The impact of long-term ART on TL and cancer in PLWH is a matter of debate. Therefore, this study investigated the relationship between ART administration and relative telomere length (RTL) in PLWH, including those without a cancer history, those with non-AIDS-defining cancer (NADC), and those with AIDS-defining cancer (ADC).

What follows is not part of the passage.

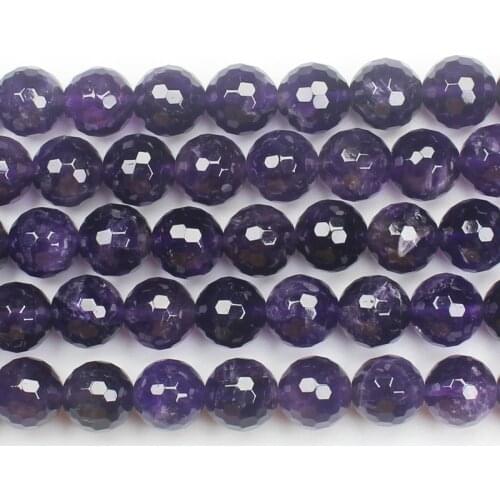 6-12mm Faceted Natural Amethyst Round Beads 15inch ,Wholesale For DIY Jewellery Free Shipping
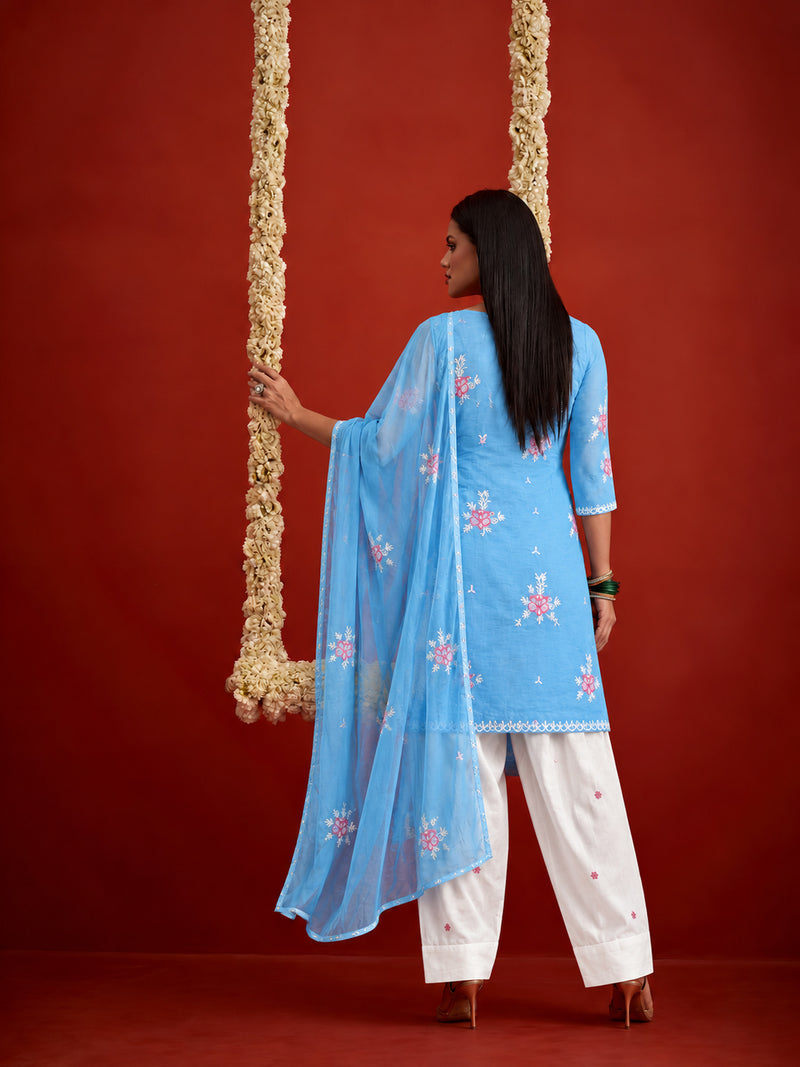 Stylum Women's Aqua Embroidered Pure Silk Straight Kurta Farshi Salwar With Dupatta Set (KSDAQUAGARVIT)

Although telomere shortening is well documented in untreated HIV cases, it is still not fully understood how long-term antiretroviral therapy (ART) may alter this process and how these changes may be specifically linked to oncogenesis.

2. Materials and Methods

2.1 Ethics Statement

This study was conducted following the Declaration of Helsinki and approved by the Ethics Committee of the HUPE/UERJ (N° 14189113.2.0000.5259 approved in 2019). Written informed consent was obtained from all participants.

2.2 Study Participants

Seventy-eight PLWH were included in this study. They were monitored regularly every 6 months and used an ART regimen for at least 6 months. All of them were ≥18 years. Participants were divided into 2 groups: 57 (73%) in the HIV-only group and 21 (27%) in the HIV/Cancer group. Within the HIV/Cancer group, 12 participants had non-defining cancer (NADC), and 9 had AIDS-defining cancer (ADC).

All participants were recruited between February 2019 and August 2022 at the Infectious and Parasitic Diseases outpatient clinic of the Pedro Ernesto University Hospital (HUPE), in Rio de Janeiro, Brazil. Relevant demographic and clinical information were collected from each patient, as follows: age, gender, duration of ART or combined ART (cART) regimen, CD4+ T-cell counts, history of cancer, and previous co-infection. HIV-uninfected adult participants ≥18 years old (n = 163) from both genders and without sexually transmitted infections or cancer, were included in this study as a control group (mean age: 51.2 years). All participants signed the Informed Consent Form and answered the questionnaire voluntarily. Individuals with mental illness or disorders or with inherited genetic disorders were excluded from the study. They also consented to the collection of a blood sample for molecular assays.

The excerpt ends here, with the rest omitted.